Renaissance
L’Autre côté de l’espoir (2017) d’Aki Kaurismaki
Cela faisait près de six ans que nous étions sans nouvelles d’Aki Kaurismäki qui avait annoncé qu’il mettait un terme à sa carrière. L’Autre côté de l’espoir reprend les choses là où le cinéaste les avait laissées avec Le Havre : son cynisme proverbial qui irriguait l’univers très noir de ses premiers longs-métrages laisse place ici à une fable humaniste propre à réchauffer le cœur du plus endurci des spectateurs.
Toujours apte à prendre le pouls du monde, le cinéaste évoque une fois de plus la trajectoire d’un réfugié syrien arrivé à Helsinki par bateau. Les premiers plans sur Khaled évoquent immédiatement l’idée d’une résurrection puisque le jeune homme surgit littéralement d’un tas de charbon puis monte des escaliers vers une nouvelle vie. Premier objectif : se rendre au commissariat pour tenter d’obtenir le convoité statut de réfugié. Deuxième objectif : retrouver sa sœur qui a disparu au cours de leur long périple et leur exil.

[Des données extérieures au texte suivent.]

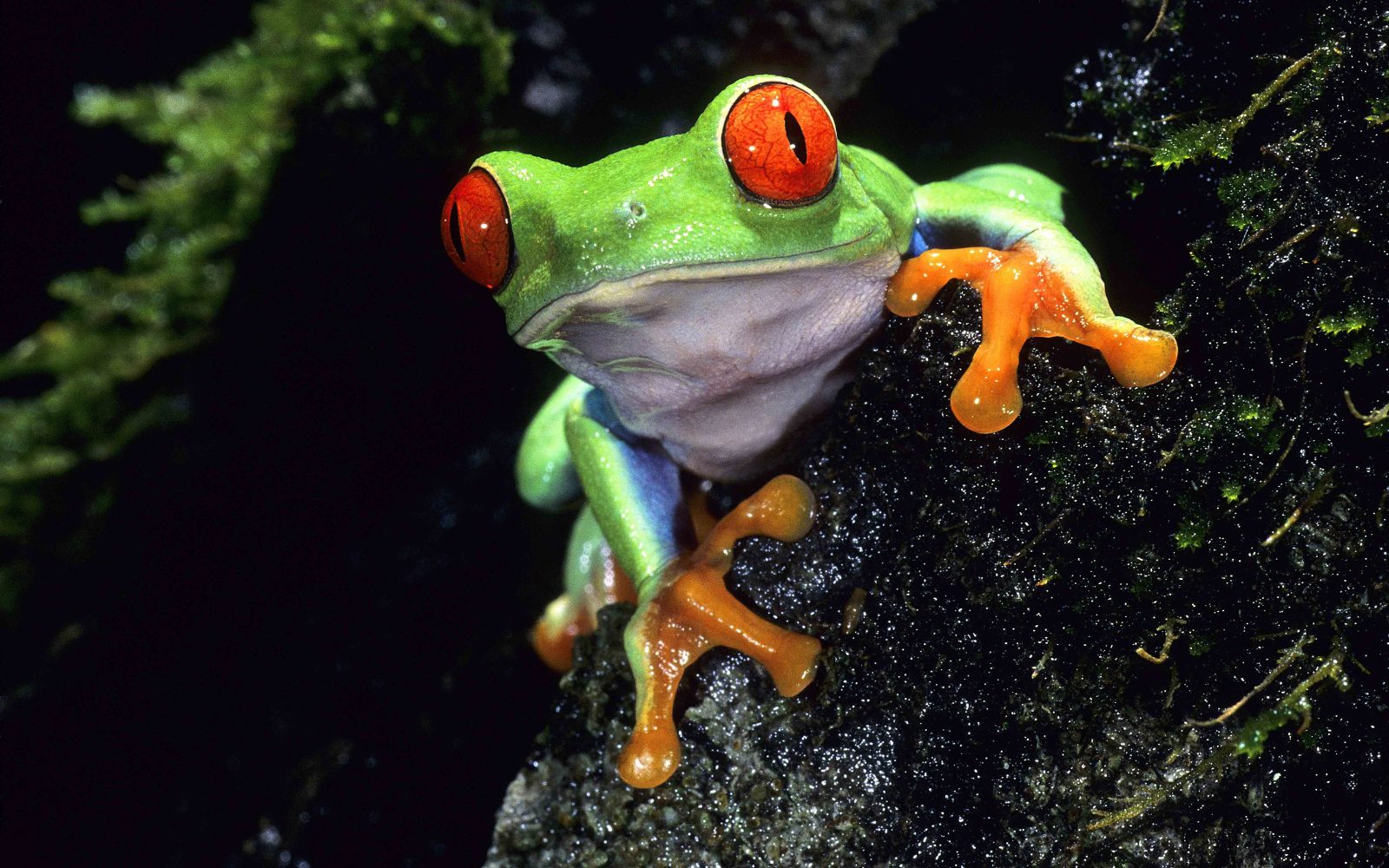 Amphibian Pond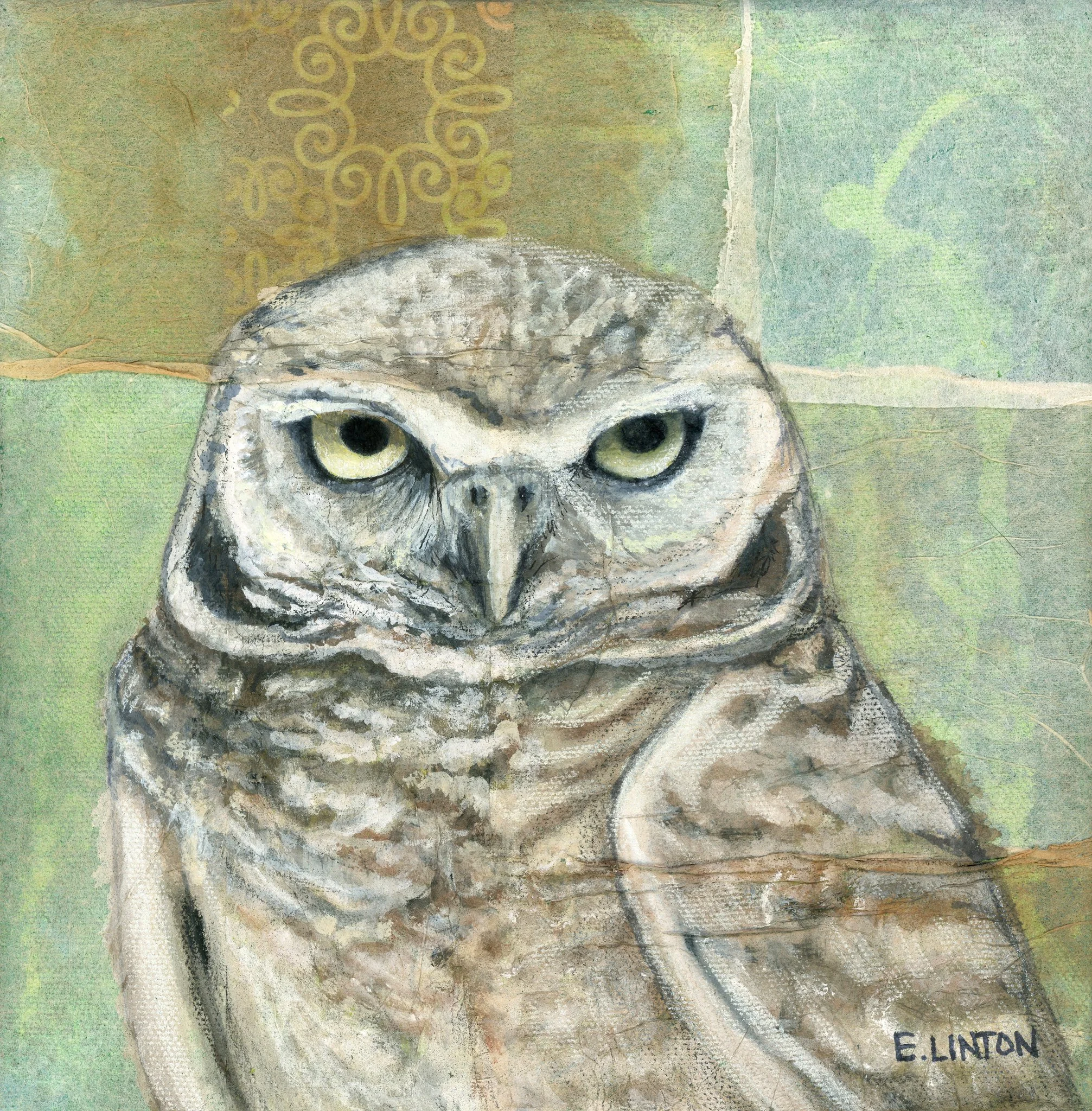 Burrowing Owl PRT .jpg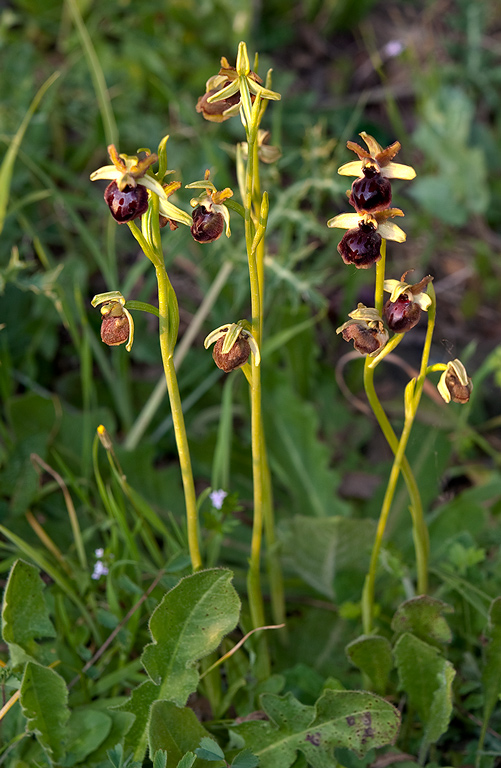 Ophrys-passionis-subsp-passionis-7899_01_2014.jpg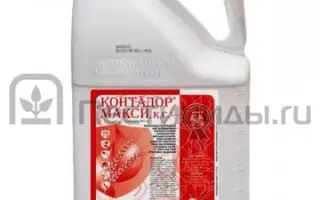 Контадор Макси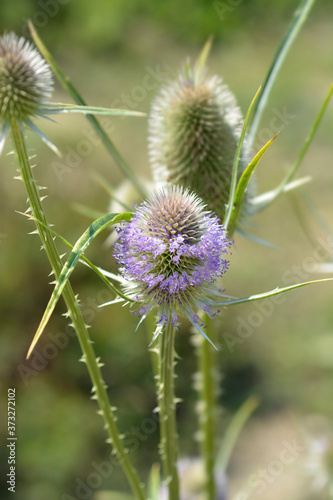 Wild teasel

Résumé de cette manière, L’autre côté de l’espoir peut faire redouter une énième « fiction de gauche » pleine de bons sentiments et destinée à donner bonne conscience au lecteur de base de Télérama. Mais si Kaurismäki pose évidemment un regard sur le monde comme il ne va pas, il n’en fait pas une affaire idéologique. Lors d’une belle scène où Khaled raconte un peu son histoire, il dit qu’il ignore qui a brûlé sa maison et fait périr une grande partie de sa famille. Le régime d’Assad ? Daesch ? Les rebelles ? Peu importe pour lui : son drame est avant tout individuel et c’est en tant que personnage de fiction que le cinéaste s’intéresse à lui. Tel Fabrice à Waterloo dans La Chartreuse de Parme, Kaurismäki prend le petit bout de la lorgnette pour évoquer un drame historique mondial (les massacres à Alep, la tragédie des migrants, les guerres absurdes décimant les populations civiles…) et ses répercussions sur de simples individus qui ne cherchent qu’à survivre.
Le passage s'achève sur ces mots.